Stored items from a collection:

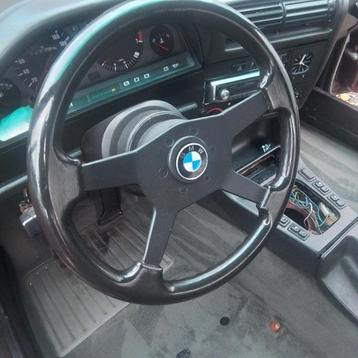 Volant cuir et moyeu pour BMW E30  disponible aux enchères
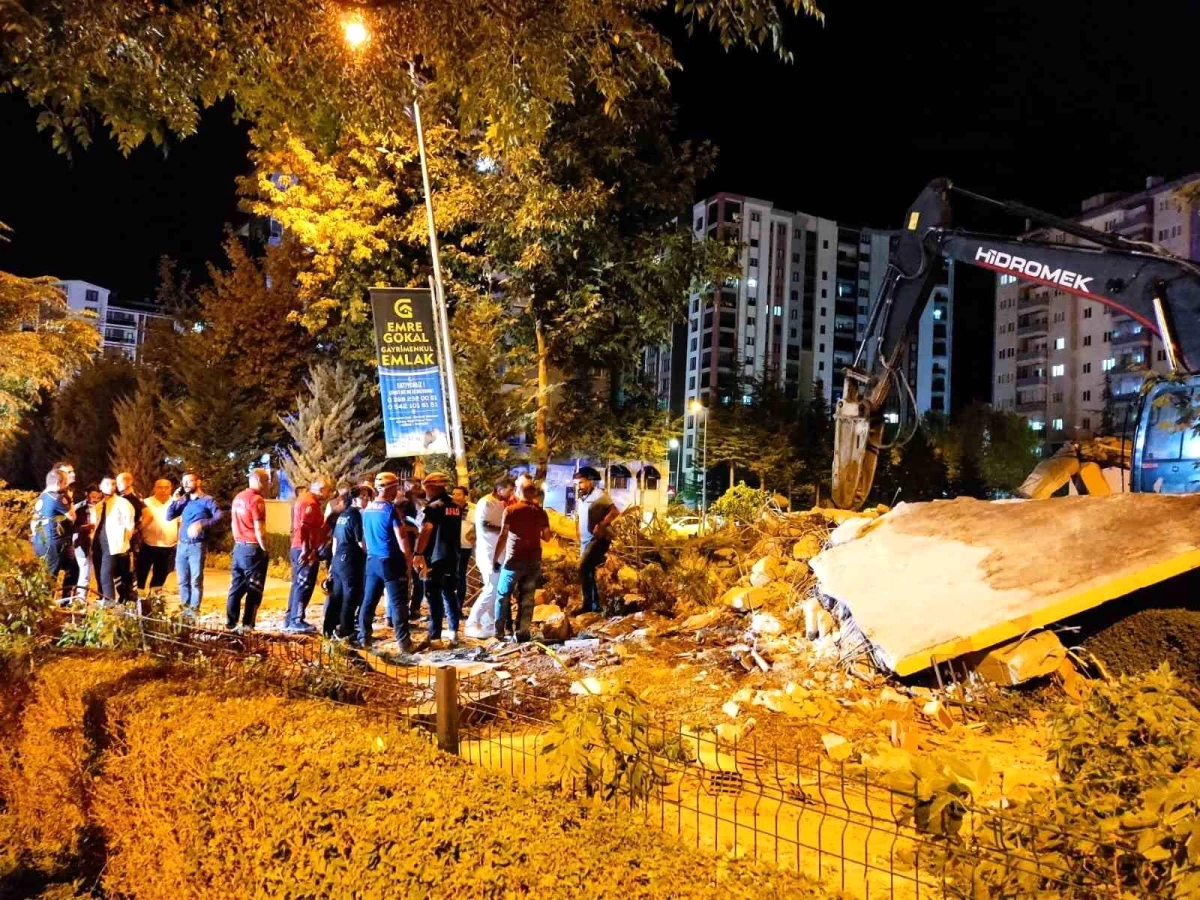 Niğde Ömer Halisdemir Üniversitesi Sağlık Bilimleri Fakültesi\'nde yangın merdiveni yıkımı sırasında 1 kişi yaralandı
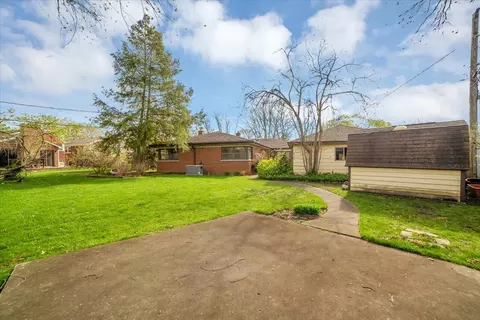 Exterior - 234 Pinehurst Dr, Des Plaines, IL 60016 photo 9 of 10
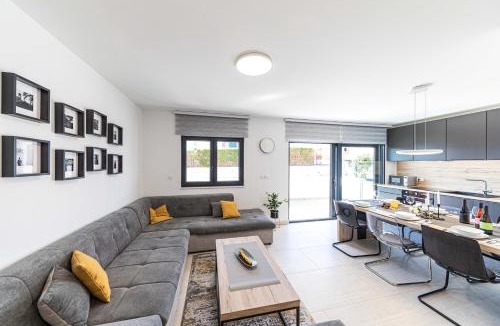 Okrug Gornji Apartment | Luxury apartment Pia with swimming pool and grill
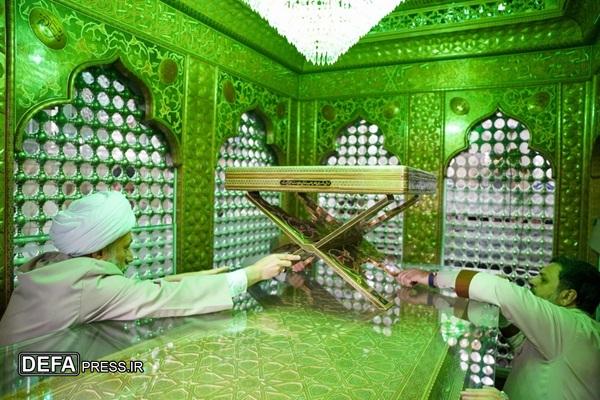 تصاویر/غبارروبی و عطرافشانی حرم مطهرحضرت احمدبن موسی (ع)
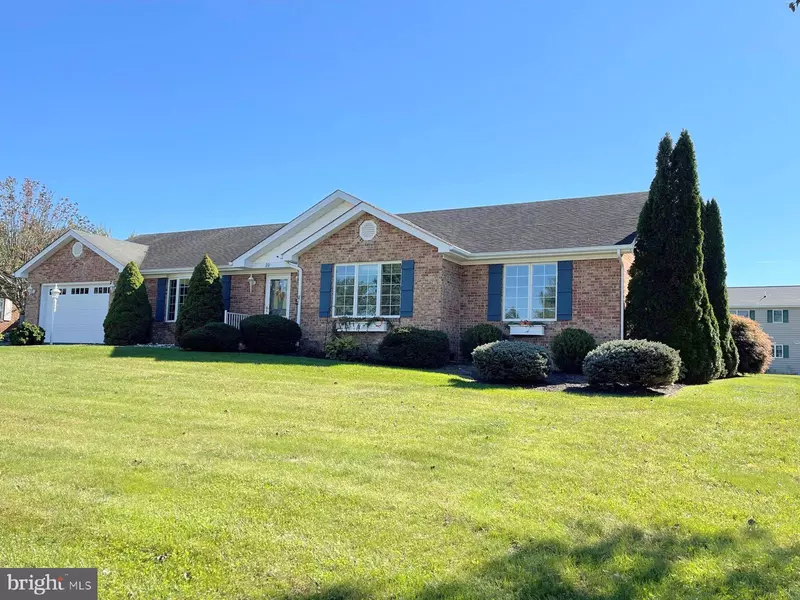 20 MEADOW LN, Luray, VA 22835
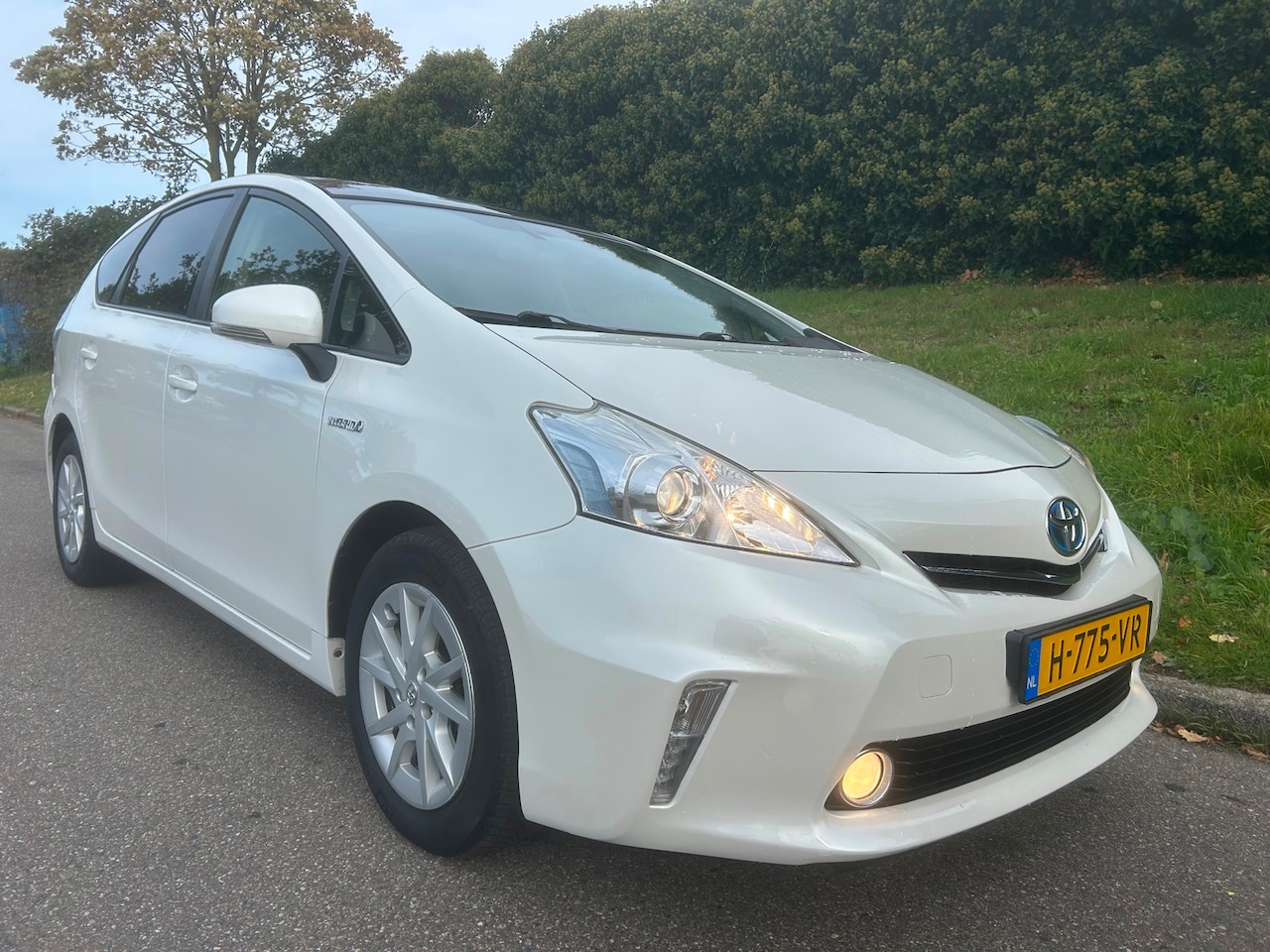 Toyota Prius Wagon - 1.8 Aspiration - Pano - Navi - Camera - Cruise - AutoWereld.nl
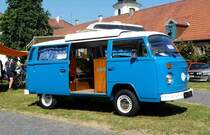 =VW T2 steht zum Verkauf bei Blech & Barock im Juli 2018 auf dem Gelände von Schloß Fasanerie bei Eichenzell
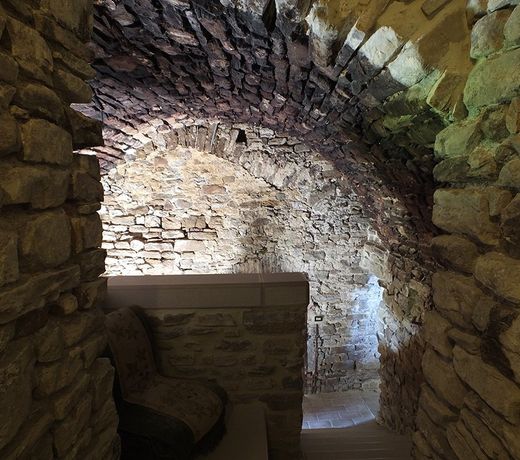 Giomici Castle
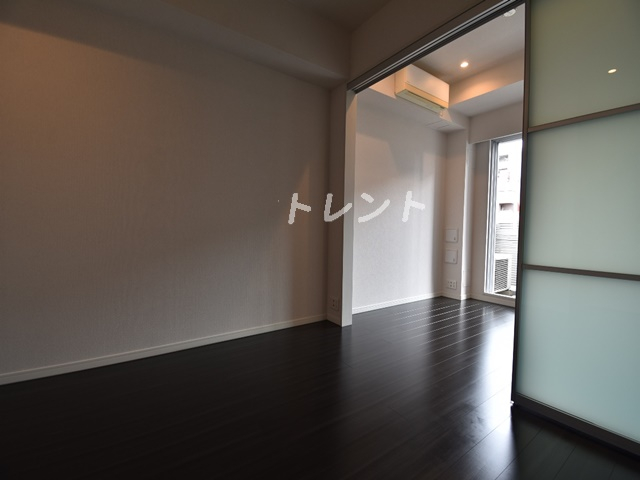 コンフォリア三田イースト-1104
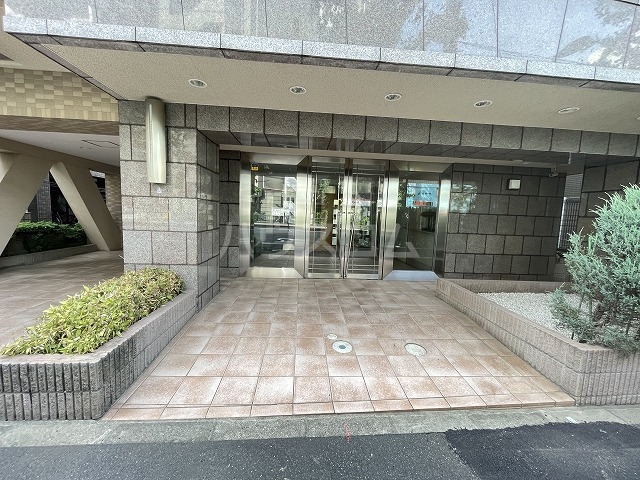 21/30 エントランス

* _Task instructions_
Restate, exactly as they appear, the line with "تصاویر/غبارروبی و عطرافشانی" and all the lines after it up to the end of the data above; images do not belong in the copy.

* _Result for this exercise_
 تصاویر/غبارروبی و عطرافشانی حرم مطهرحضرت احمدبن موسی (ع)
 20 MEADOW LN, Luray, VA 22835
 Toyota Prius Wagon - 1.8 Aspiration - Pano - Navi - Camera - Cruise - AutoWereld.nl
 =VW T2 steht zum Verkauf bei Blech & Barock im Juli 2018 auf dem Gelände von Schloß Fasanerie bei Eichenzell
 Giomici Castle
 コンフォリア三田イースト-1104
 21/30 エントランス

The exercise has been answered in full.